Prob. XVI. To explain in general the alteration of Seasons, or length of the Days and Nights made in all places of the World, by the Sun’s (or the Earth’s) annual motion in the Ecliptic.

It has been shewed in the [last problem], how to place the globe in such a position as to exhibit the length of the diurnal and nocturnal arches in all places of the Earth, at a particular time: If the globe be continually rectified, according as the Sun alters his declination, (which may be known by bringing each degree of the ecliptic successively to the meridian) you’ll see the gradual increase or decrease made in the days, in all places of the World, according as a greater or lesser portion of the parallels of latitude, stands above the horizon. We shall illustrate this problem by examples taken at different times of the year.

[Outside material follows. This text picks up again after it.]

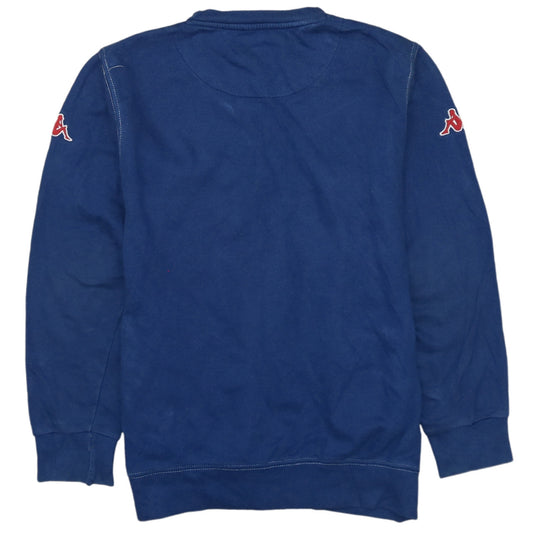 Kappa Boys Blue Crew Neck Pullover Sweatshirt Size 12 Years Cotton Blend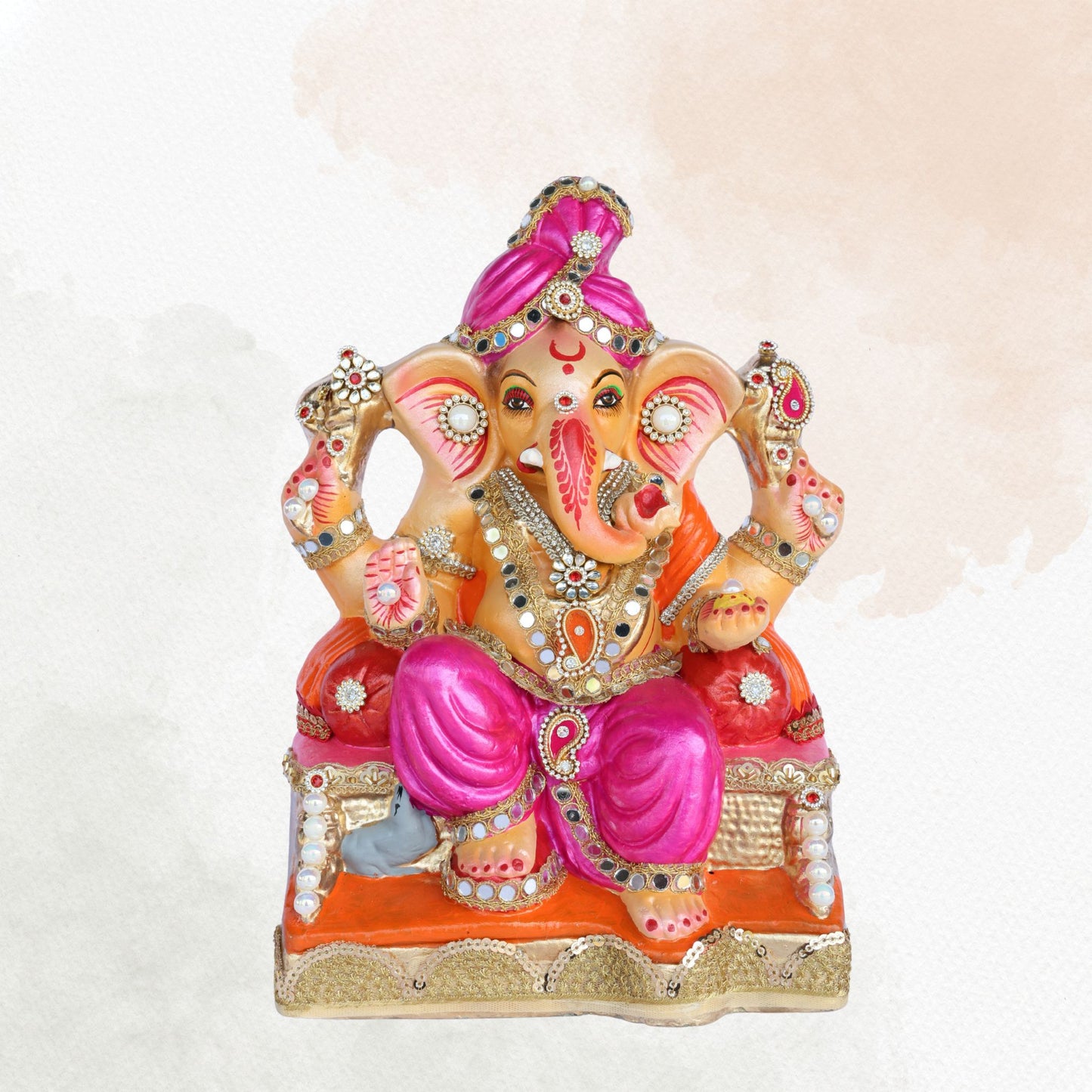 13 Inch – Pink Attire & Kundan Work Ganesha Idol | Eco-Friendly Clay Murti Sitting on Throne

1. Let the Sun be in the first point of ♋ (which happens on the 21st of June) that point being brought to the meridian, will shew the Sun’s declination to be 23½ degrees North; then the globe must be rectified to the latitude of 23½ degrees; and for the better illustration of the problem, let the first meridian upon the globe be brought under the brass meridian. The globe being in this position, you’ll see at one view the length of the days in all latitudes, by counting the number of hours contained between the two extreme meridians, cutting any particular parallel you pitch upon, in the Eastern and Western part of the horizon. And you may observe that the lower part of the arctic circle just touches the horizon, and consequently all the people who live in that latitude have the Sun above their horizon for the space of 24 hours, without setting; only when he is in the lower part of the meridian (which they would call 12 at night) he just touches the horizon.

To all those who live between the arctic circle and the Pole, the Sun does not set, and its height above the horizon, when he is in the lower part of the meridian, is equal to their distance from the arctic circle: For example, Those who live in the 83d parallel have the Sun when he is lowest at this time 13½ degrees high.